Furthermore, insulin-resistant adipocytes, characterized by low liposynthetic capacity and high lipolytic capacity, lead to increased release of free fatty acids (FFA), which activate TLR4- induced IkappaB kinase (IKKβ)/c-jun N-terminal kinase (JNK) signaling, and then further stimulate chemokines and cytokines release, amplifies insulin resistance, lipolysis and inflammation in adipose tissue (12–13),
Thus, there is a process of gradual progression to insulin resistance in obese states (5). Increased circulating FFA levels and inflammatory cytokines, reduced circulating adiponectin levels and enhanced leptin resistance may all contribute to the decrease in lipid oxidation in other insulin sensitive organs, thereby triggering ectopic accumulation of lipids, lipotoxicity and insulin resistance (5). (Figure 1)

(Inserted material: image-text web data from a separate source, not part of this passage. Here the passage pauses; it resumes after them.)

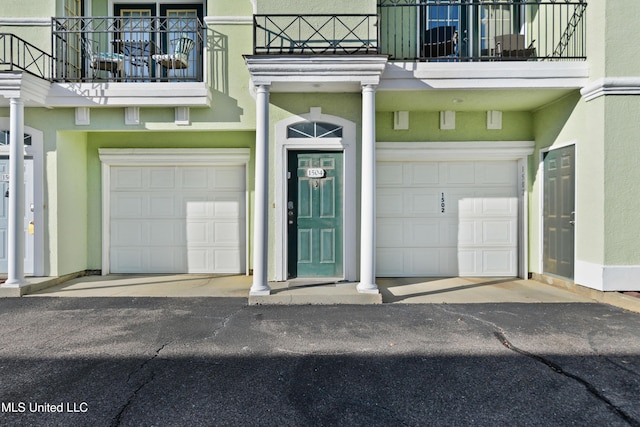 property entrance featuring a balcony and a garage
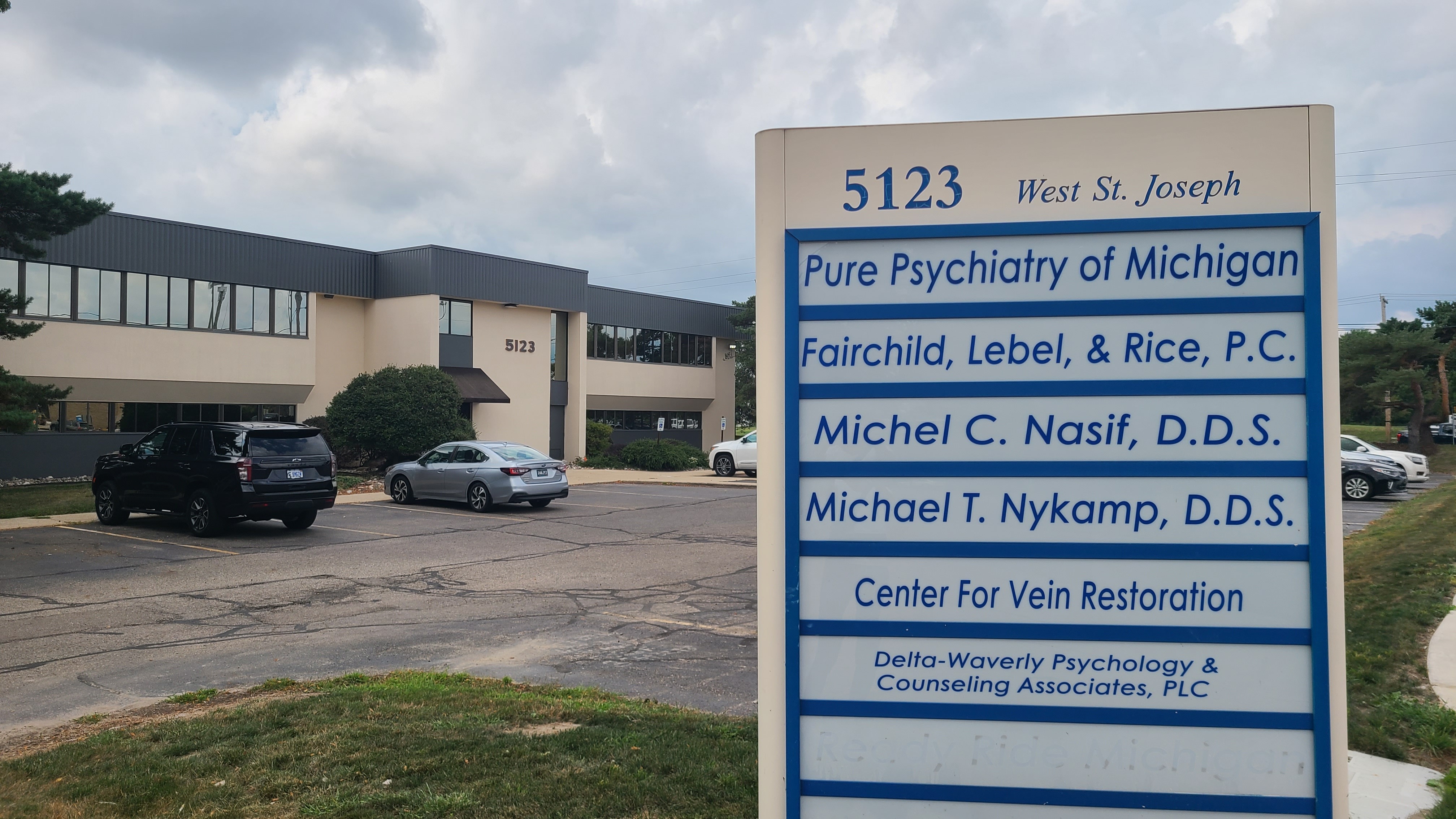 Exterior photo of the Lansing, Michigan location of center for Vein Restoration showing the outside of the building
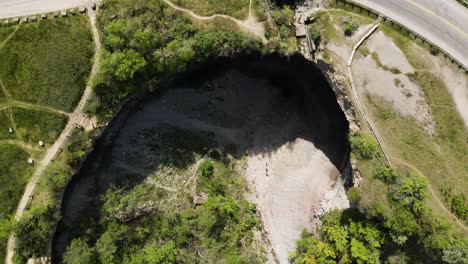 Descending-aerial-top-down-shot-of-gigantic-hole-with-ribbon-waterfall-on-Niagara-Escarpment,-in-the-Stoney-Creek-community-of-Hamilton,-Ontario,-Canada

Collective evidence suggests that adipose may affect liver and muscle insulin sensitivity. Adipose-selective targeting of the glucose transporter (GLUT4) gene impaired insulin action in muscle and liver (14), may be due to the effects of chronic hyperinsulinaemia, or via changes in the release of an as yet unidentified adipocyte-derived molecule that affects insulin action in other tissues, since the circulating level of FFA, leptin and TNFα did not change in mice with adipose selective deficiency of GLUT4 (G4A−/−). It is postulated that insulin resistance in adipose results in the redistribution of triglycerides to the liver and skeletal muscle; this leads to insulin resistance in distant organs, since the insulin action is normal in the skeletal muscle of G4A−/− mice ex vivo, but not in vivo (14).

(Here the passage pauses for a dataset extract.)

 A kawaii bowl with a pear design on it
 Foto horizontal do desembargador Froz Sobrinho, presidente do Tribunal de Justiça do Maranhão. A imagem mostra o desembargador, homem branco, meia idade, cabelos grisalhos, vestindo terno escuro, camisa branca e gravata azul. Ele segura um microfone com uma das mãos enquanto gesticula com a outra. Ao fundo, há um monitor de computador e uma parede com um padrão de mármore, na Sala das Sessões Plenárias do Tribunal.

Various cytokines and hormones produced by adipose tissue play a major role in the regulation of insulin sensitivity, however, until very recently, adipose selective ablation of genes of interest has been presented to provide direct evidence that adipose signals to distant organs to affect insulin sensitivity through the secretion of adipokines. A recent study suggested that JNK1 deficiency in adipose tissue suppressed HFD–induced insulin resistance in the liver; JNK1-dependent secretion of the inflammatory cytokine IL-6 by adipose tissue upregulated expression of the liver suppressor of cytokine signaling-3 (SOCS3), a protein that induces hepatic insulin resistance (15).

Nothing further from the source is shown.